Call me an old cynic, but I think we're being led down the garden path here. To draw an analogy, let's use aviation. The jet-engined aircraft will fly a long way quickly and use a lot of fuel. The turbo-prop will fly shorter distances slightly less quickly and use significantly less fuel. Currently, the distances petrol and diesel-driven vehicles can be driven are limited only by fuel consumption and the fuel can replenished anywhere. Electric vehicles (well cars really), have limited range and currently the options for replenishment are somewhat limited. If you buy an electric car and you live in a terraced house in Accrington for example, how the hell do you charge it every night?
Speaking of being led down the garden path, the proliferation of wind farms in the UK is being touted as the best thing since sliced bread, but the maintenance cost of this equipment is phenomenal, according to someone I spoke to last year, whose job it is to maintain them.
The raw materials to produce electric car batteries are a finite resource. Much has been written about the poor wages paid to miners and the poor conditions in which they work. Some of the raw materials have to be moved halfway around the world in large quantities on merchant ships, some of which still use sulphurous fuel, which is hardly underlining the green credentials of the vehicle it is fitted to. Containers for used conventional batteries are to be found in most supermarkets these days, but it took about 50 years for the technology to develop to recycle alkaline batteries. How long will it take to develop a method od recycling the batteries powering an electric car.
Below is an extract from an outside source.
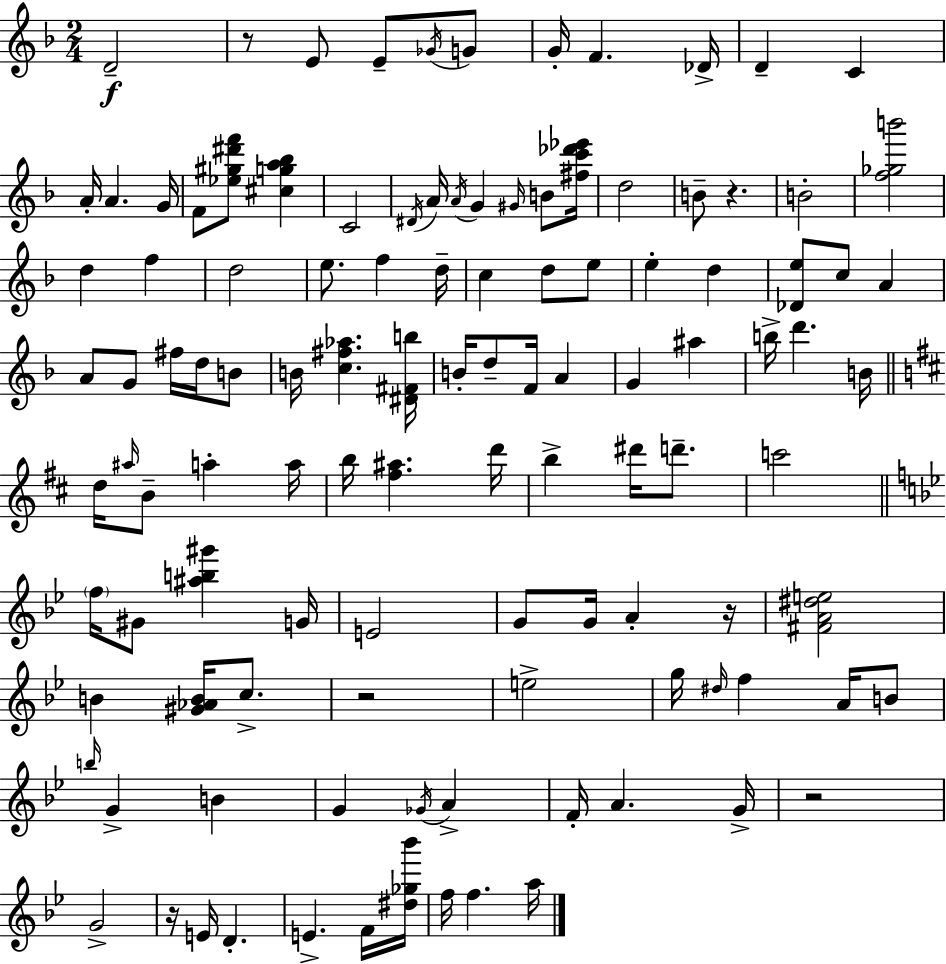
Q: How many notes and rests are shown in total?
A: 113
Many will remember how, 20 years ago, we were being told that diesel cars were the way forward, so people went out and bought them in huge numbers. Notwithstanding the fact that the German manufacturers misrepresented the toxic emissions, it was seen that they were more polluting than petrol-driven vehicles, which the British (and other) governments then used an excuse to raise the price of the fuel. Who is to say that in say 20 years time, we will get a rerun of this, with re-charging sites charging a Queen's ransom for the use of them and the governments taking their cut, just as they do now.
There is currently an epidemic of catalyst converters being stolen from modern cars, largely because the price of some of the raw materials used in their manufacture is skyrocketing. Surely in the long term, the same thing will happen with the batteries which power electric cars.
Whatever the outcome, there is one thing above all about electric vehicles which I dislike, and I hope the manufacturers will take on board if they are ever produced in large quantities They are too quiet! A couple of years ago I worked at an electric car event at Silverstones and I was nearly run over several times, simply because I couldn't hear the vehicles. I should say that years of being in close proximity to turboprop engines has damaged my hearing, but not to that extent. I have heard that the manufacturers plan to introduce artificial engine noise, though I haven't seen any evidence of that as yet. Maybe it's time to bring back the red flag!
I'm not against electric cars per se. I just fear that once established, their operation will become increasingly expensive in the longer term, and there will be little overall benefit to the planet.